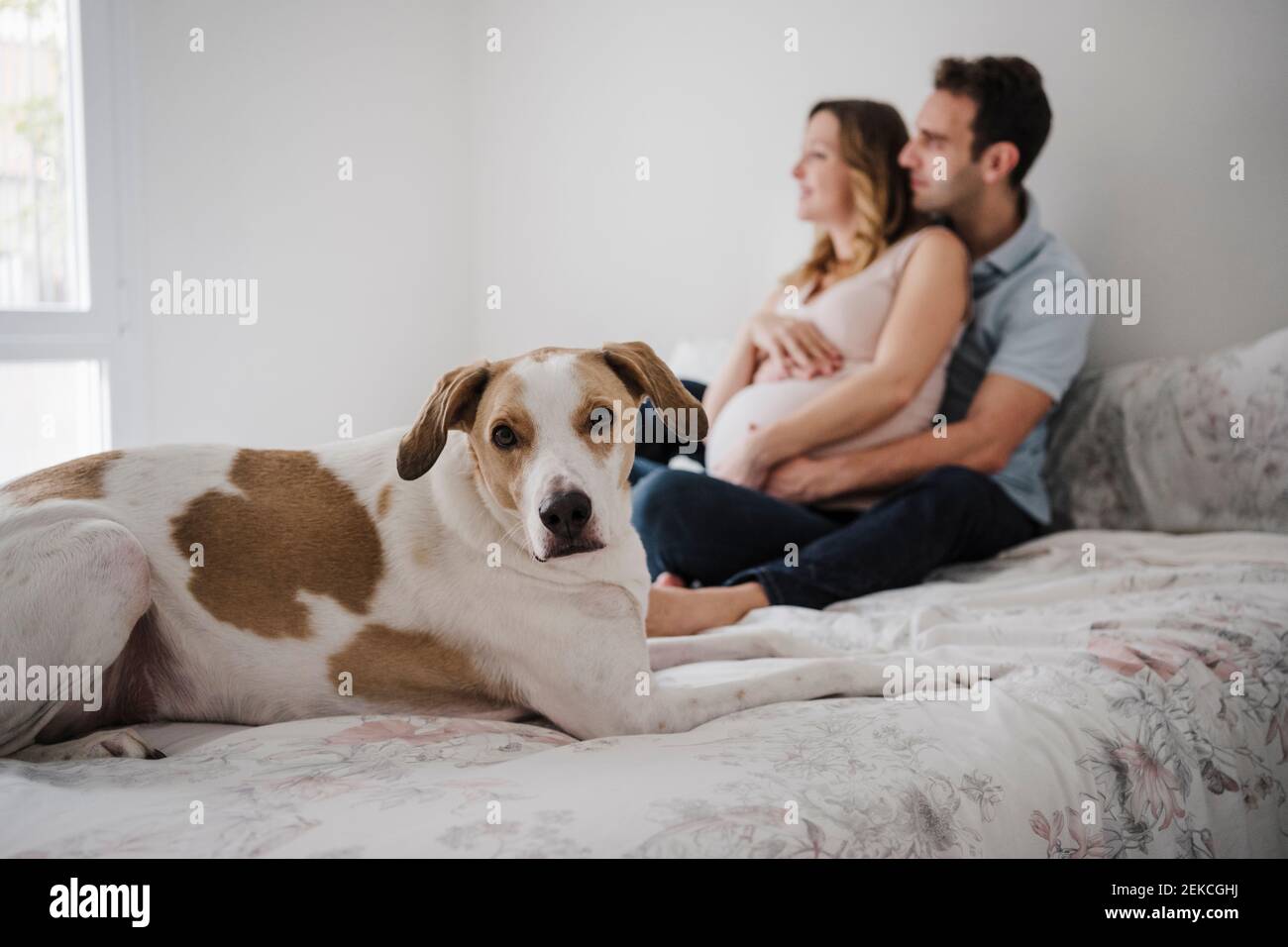 Dog lying on bed while loving couple sitting in background at home Stock Photo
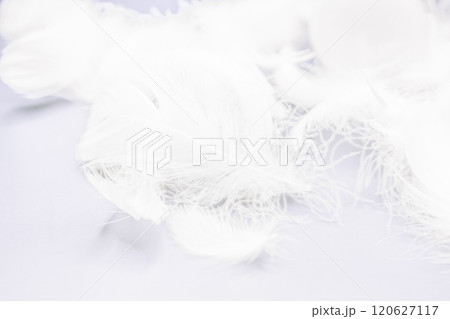 ダウンや羽毛布団を連想させるふんわりした白い羽根のテクスチャ 120627117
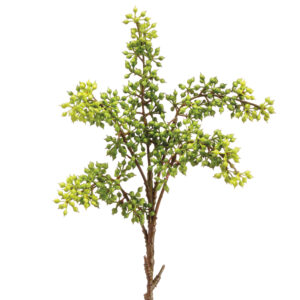 Sedum Pick, 12in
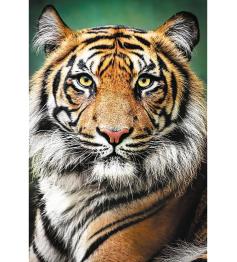 Trefl Puzzle Porträt eines Tigers 1500 Teile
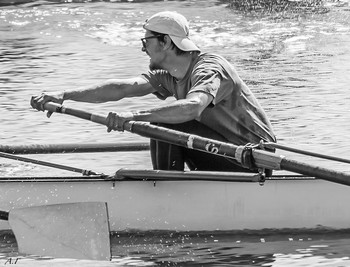 &nbsp; / регата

· · · · · · ·

- **Activity**:
Print every record above exactly, with no pictures.

- **Result of the task**:
 Dog lying on bed while loving couple sitting in background at home Stock Photo
 ダウンや羽毛布団を連想させるふんわりした白い羽根のテクスチャ 120627117
 Sedum Pick, 12in
 Trefl Puzzle Porträt eines Tigers 1500 Teile
 &nbsp; / регата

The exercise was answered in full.